* [Exercise prompt]: Please, in the data that follows, copy exactly the lines from the line with "有咲のおやつセット(オニオンスープ)" through the last one, both included. Do not include pictures.

(Material for the task begins)

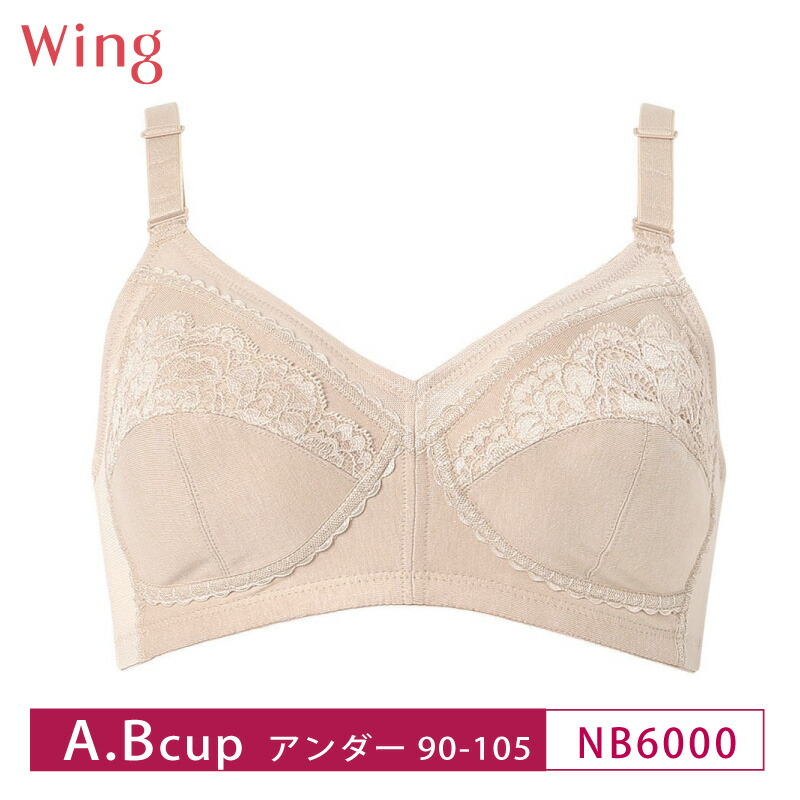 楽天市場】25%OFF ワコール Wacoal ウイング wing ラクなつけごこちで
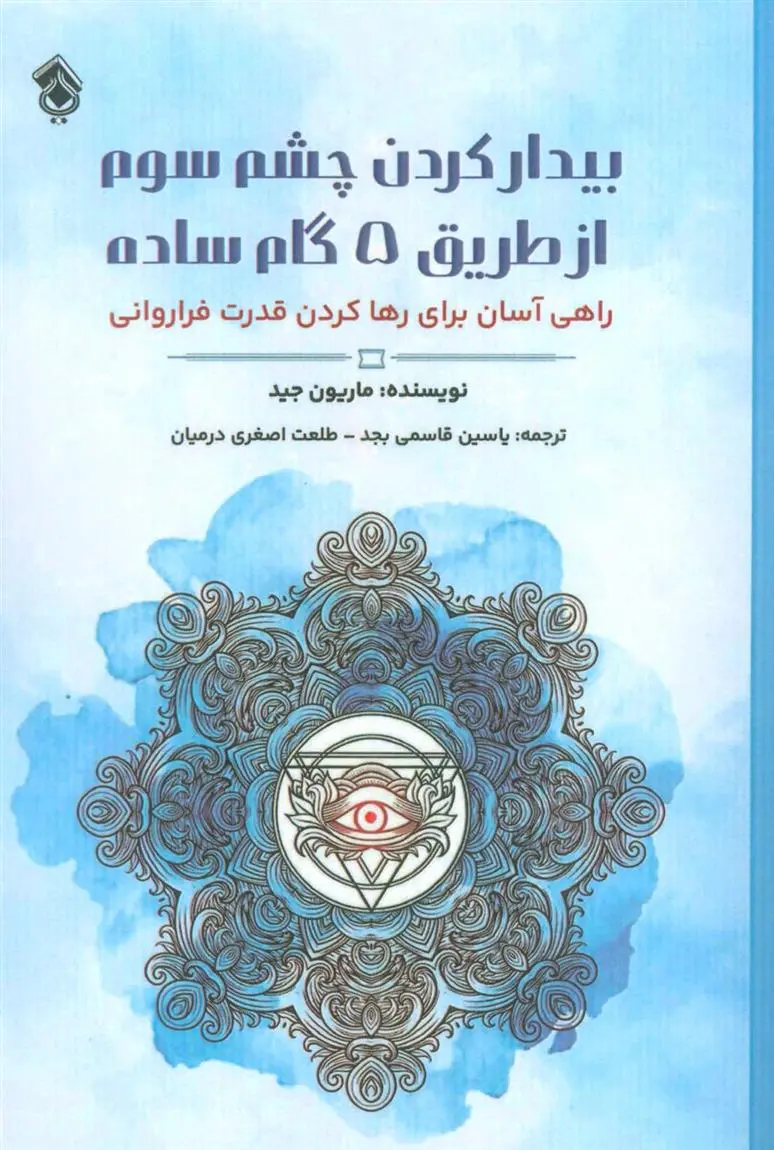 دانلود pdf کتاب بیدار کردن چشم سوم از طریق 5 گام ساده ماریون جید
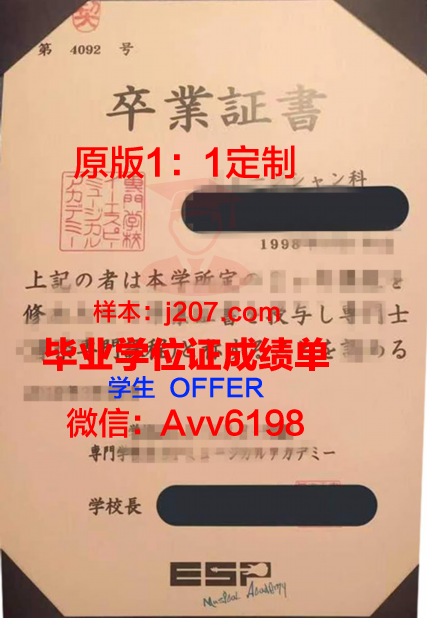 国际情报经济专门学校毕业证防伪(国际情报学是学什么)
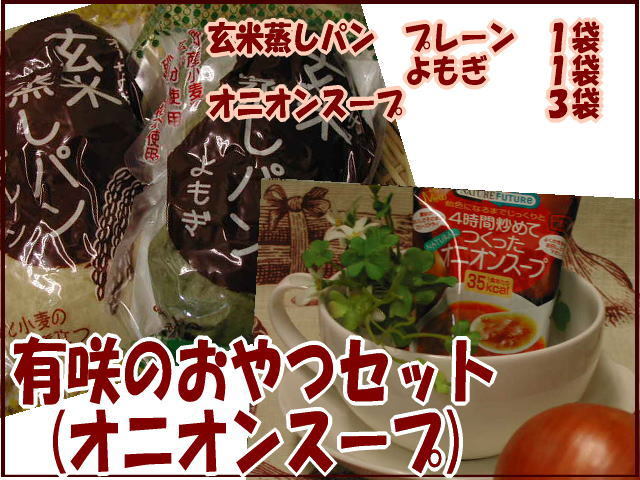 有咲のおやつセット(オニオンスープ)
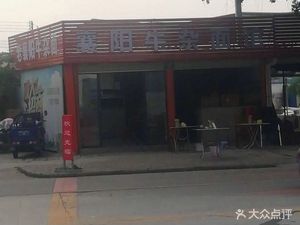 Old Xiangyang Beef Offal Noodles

(Material for the task ends)

* [Finished exercise]:
 有咲のおやつセット(オニオンスープ)
 Old Xiangyang Beef Offal Noodles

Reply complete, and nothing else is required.